With such improvisations I managed our journey.

As the weather warmed, the Prince's attitude mellowed. Perhaps he was growing reconciled to his catastrophe, or possibly, in the prison of his lightless skull, he was teaching himself new tactics for meeting his changed existence. He talked almost idly of himself, his downfall, his humiliation. He spoke of the power that had been his in terms that said ummistakably that he had no illusions about ever recapturing it. He talked of his wealth, his women, his jewels, his strange machines, his Changelings and Musicians and Servitors, the Masters and even fellow Dominators who had knelt to him. I will not say that at any time I liked him, but at least at these times I recognized a suffering human being behind his impassive mask.

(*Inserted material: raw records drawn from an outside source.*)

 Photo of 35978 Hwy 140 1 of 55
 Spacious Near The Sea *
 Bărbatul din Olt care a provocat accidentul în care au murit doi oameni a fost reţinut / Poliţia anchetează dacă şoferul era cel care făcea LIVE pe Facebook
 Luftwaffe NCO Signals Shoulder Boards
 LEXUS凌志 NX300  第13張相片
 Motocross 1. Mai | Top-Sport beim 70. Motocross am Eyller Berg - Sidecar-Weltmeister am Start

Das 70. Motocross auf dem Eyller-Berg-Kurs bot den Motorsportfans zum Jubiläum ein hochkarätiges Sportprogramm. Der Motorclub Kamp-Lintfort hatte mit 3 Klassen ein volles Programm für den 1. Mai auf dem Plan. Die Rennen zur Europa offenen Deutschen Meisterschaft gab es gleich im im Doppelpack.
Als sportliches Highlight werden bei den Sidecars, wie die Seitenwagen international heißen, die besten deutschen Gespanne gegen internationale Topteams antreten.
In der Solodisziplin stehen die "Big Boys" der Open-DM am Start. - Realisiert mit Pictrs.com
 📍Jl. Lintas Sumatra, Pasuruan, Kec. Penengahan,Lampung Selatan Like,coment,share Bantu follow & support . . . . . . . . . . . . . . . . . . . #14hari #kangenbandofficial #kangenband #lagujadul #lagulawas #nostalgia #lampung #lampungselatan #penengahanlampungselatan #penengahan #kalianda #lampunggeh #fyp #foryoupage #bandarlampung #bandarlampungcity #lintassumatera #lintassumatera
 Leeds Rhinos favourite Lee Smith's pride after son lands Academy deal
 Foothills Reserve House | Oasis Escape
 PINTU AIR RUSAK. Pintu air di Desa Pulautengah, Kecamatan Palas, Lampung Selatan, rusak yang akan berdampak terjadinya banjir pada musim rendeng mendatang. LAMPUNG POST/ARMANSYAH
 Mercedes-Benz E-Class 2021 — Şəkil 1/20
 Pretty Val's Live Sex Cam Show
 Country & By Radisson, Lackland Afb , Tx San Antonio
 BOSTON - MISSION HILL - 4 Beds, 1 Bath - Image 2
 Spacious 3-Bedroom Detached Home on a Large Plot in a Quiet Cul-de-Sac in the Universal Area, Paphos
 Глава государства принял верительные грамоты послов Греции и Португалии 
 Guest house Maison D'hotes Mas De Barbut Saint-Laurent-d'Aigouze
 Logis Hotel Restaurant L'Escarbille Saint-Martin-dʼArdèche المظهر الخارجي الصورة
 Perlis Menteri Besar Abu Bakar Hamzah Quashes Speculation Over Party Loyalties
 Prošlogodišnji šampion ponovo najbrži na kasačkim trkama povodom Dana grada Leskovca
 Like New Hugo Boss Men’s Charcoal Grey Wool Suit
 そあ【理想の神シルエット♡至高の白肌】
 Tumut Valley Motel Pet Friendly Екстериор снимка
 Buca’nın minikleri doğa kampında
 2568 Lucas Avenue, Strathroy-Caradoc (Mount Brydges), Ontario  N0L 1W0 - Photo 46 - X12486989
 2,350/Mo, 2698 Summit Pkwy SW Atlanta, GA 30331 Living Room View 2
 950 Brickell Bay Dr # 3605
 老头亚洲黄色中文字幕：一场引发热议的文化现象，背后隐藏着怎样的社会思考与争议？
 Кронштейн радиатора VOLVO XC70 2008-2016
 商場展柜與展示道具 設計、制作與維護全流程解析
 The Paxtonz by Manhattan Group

He even recognized in me a human being. I know it cost him much.

He said, "The trouble with power, Watcher, is that it cuts you off from people. People become things. Take yourself. To me, you were nothing but a machine that walked around Watching for invaders. I suppose you had dreams, ambitions, angers, all the rest, but I saw you as a dried-up old man without any independent existence outside of your guild function. Now I see much more by seeing nothing/'

"What do you see?"

"You were young once, Watcher. You had a town you loved. A family. A girl, even. You chose, or had chosen for you, a guild, you went into apprenticeship, you struggled, your head ached you, your belly griped you, there were many dark moments when you wondered what it was all about, what it was for. And you saw us ride by, Masters, Dominators, and it was like comets going past. Yet here we are together, cast up by the tides on the road to Perris. And which of us is happier now?"

"I am beyond happiness or sorrow," I said.

"Is that the truth? Is that the truth? Or is it a line you hide behind? Tell me, Watcher: I know your guild forbids you to marry, but have you ever loved?"

"Sometimes."

"And are you beyond that now?"

"I am old," I said evasively.

"But you could love. You could love. You're released from your guild vows now, eh? You could take a bride."

I laughed. "Who'd have me?"

"Don't speak that way. You re not that old. You have strengths. You've seen the world, you understand it. Why, in Perris you could find yourself some wench who—" He paused. "Were you ever tempted, while you still were under your vows?"

Just then a Flier passed overhead. She was a woman of middle years, struggling a little in the sky, for some daylight remained to press on her wings. I felt a pang, and I wanted to tell the Prince: yes, yes, I was tempted, there was a little Flier not long ago, a girl, a child, Avluela; and in my way I loved her, though I never touched her; and I love her still.

I said nothing to Prince Enric.

I looked, though, at that Flier, freer than I because she had wings, and in the warmth of that spring evening I felt the chill of desolation enfolding me.

"Is it far to Perris?" the Prince asked.

"We will walk, and one day we will get there."

"And then?"

"For me an apprenticeship in the guild of Rememberers, and a new life. For you?"

"I hope to find friends there," he said.

We walked on, long hours each day. There were those who went by and offered us rides, but we refused, for at the checkpoints the invaders would be seeking such wandering members of the nobility as the Prince. We walked a tunnel miles long under sky-storming mountains sheathed in ice, and we entered a flat land of farming peasants, and we paused by awakening rivers to cool our toes. Golden summer burst upon us. We moved through the world but were not of it; we listened to no news of the conquest, although it was obvious that the invaders had

taken full possession. In small vehicles they hovered everywhere, seeing our world that now was theirs.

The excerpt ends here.